One of these corporations is in the business of running private prisons to hold as many detainees as they can get their hands on and charge the taxpayers (those who are still out working) pay them to hold their family members locked up. In Arizona, the connection between the Governor and this corporation has been exposed. In the entire nation the current pursuit of these corporations to make undocumented immigrants be classified as criminals keeps their market profit margins looking very promising for their investors.
Corrections Corporation of America, or CCA, holds the federal contract to house detainees in Arizona. The company bills $11 million per month in this one state alone. CBS 5 Investigates has learned that two of Governor Brewer’s top advisers have connections to CCA. Paul Senseman is the governor’s deputy chief of staff. He is also a former lobbyist for CCA. His wife is listed as a current lobbyist for the company. Chuck Coughlin is one of the governor’s policy advisers and her campaign chairman. Coughlin’s company, High Ground Public Affairs Consultants, currently lobbies for CCA
The United States is the world's leader in incarceration with 2.3 million people currently in the nation's prisons or jails -- a 500% increase over the past thirty years.
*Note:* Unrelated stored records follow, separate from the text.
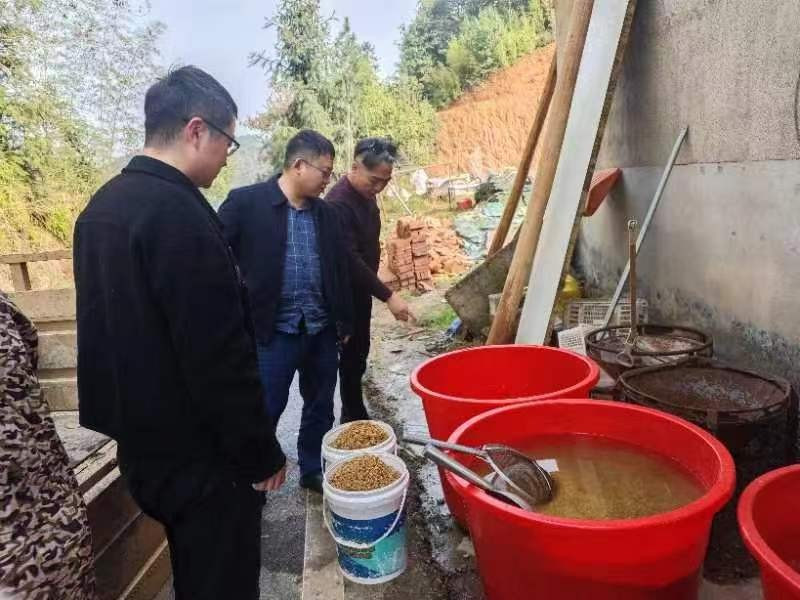 左权镇：多举措推进早稻生产  按下春耕备耕“加速键”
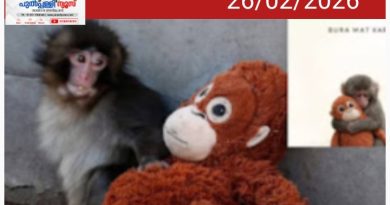 കുട്ടിക്കുരങ്ങൻ ‘പഞ്ചും’ പൊലീസിന്റെ ബോധവൽക്കരണവും; 112 ഹെൽപ്പ്ലൈൻ ജനകീയമാക്കാൻ പൊലീസ്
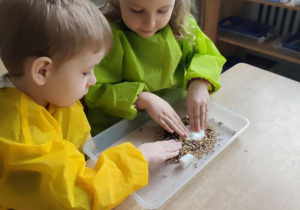 Dzieci łączą ziarna za pomocą smalca przygotowując "pączki dla ptaków"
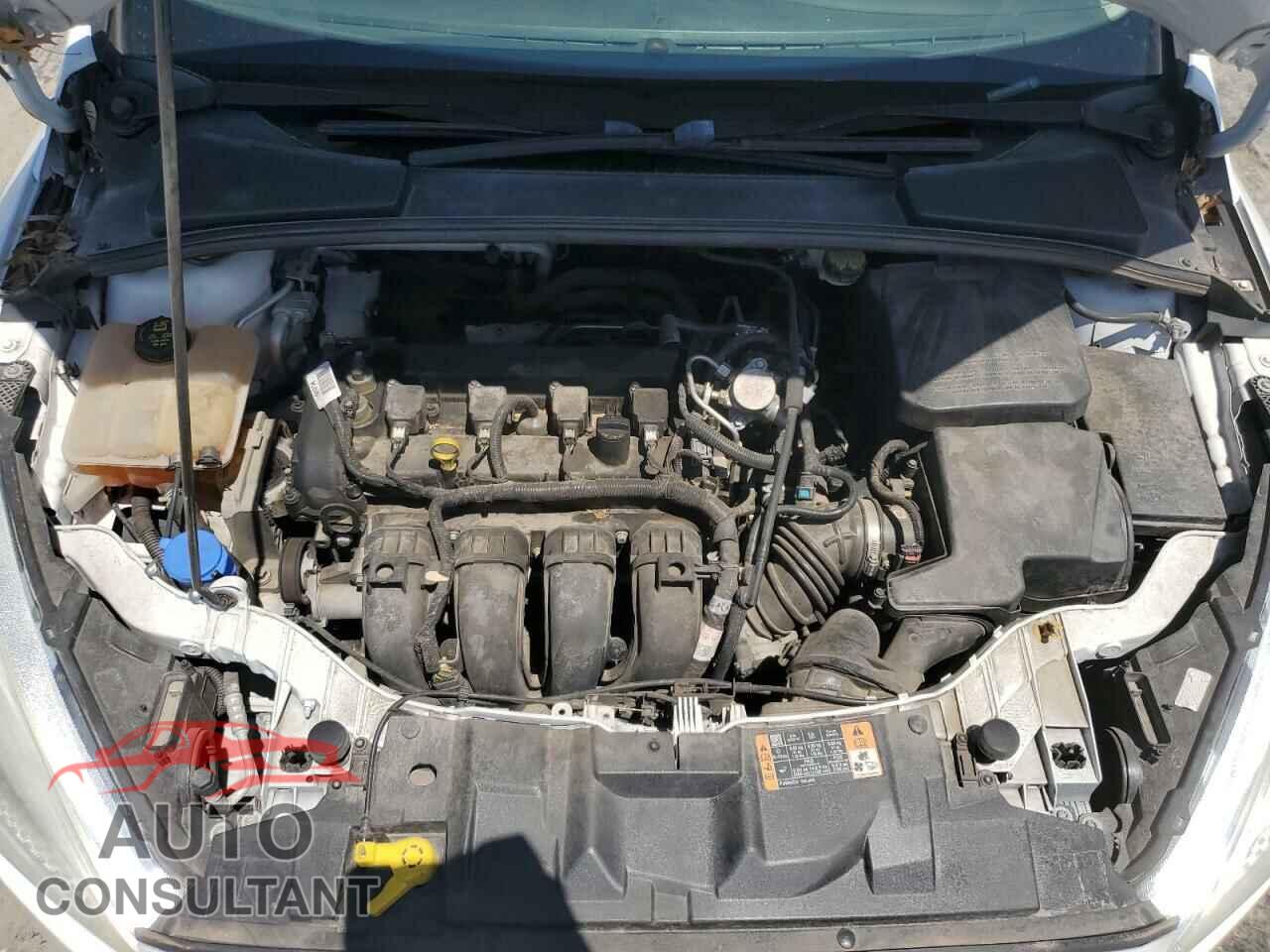 FORD FOCUS 2016 - 1FADP3F29GL339099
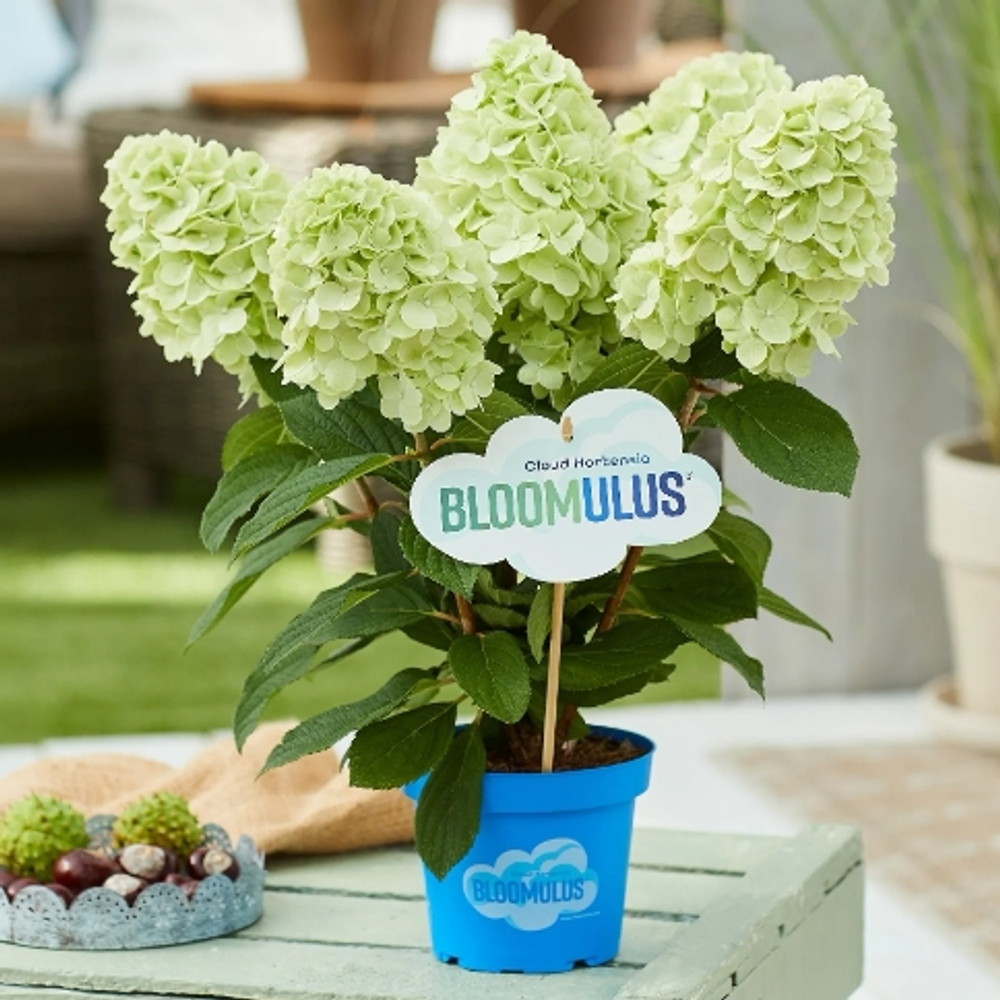 Cirrus ( Bloomulus Cirrus) Серия "Облака" гортензия метельчатая Р9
These trends have resulted in prison overcrowding and state governments being overwhelmed by the burden of funding a rapidly expanding penal system, despite increasing evidence that large-scale incarceration is not the most effective means of achieving public safety.


Since the late 1990’s, the number of people held in immigration detention has exploded. On any given day, ICE detains over 33,000 immigrants; this is more than triple the number of beds since 1996. In the last 5 years alone, the annual number of immigrants detained and the costs of detaining them has doubled: In 2010, approximately 392,000 immigrants were detained, costing taxpayers $1.77 billion at an average of $122 a day per bed.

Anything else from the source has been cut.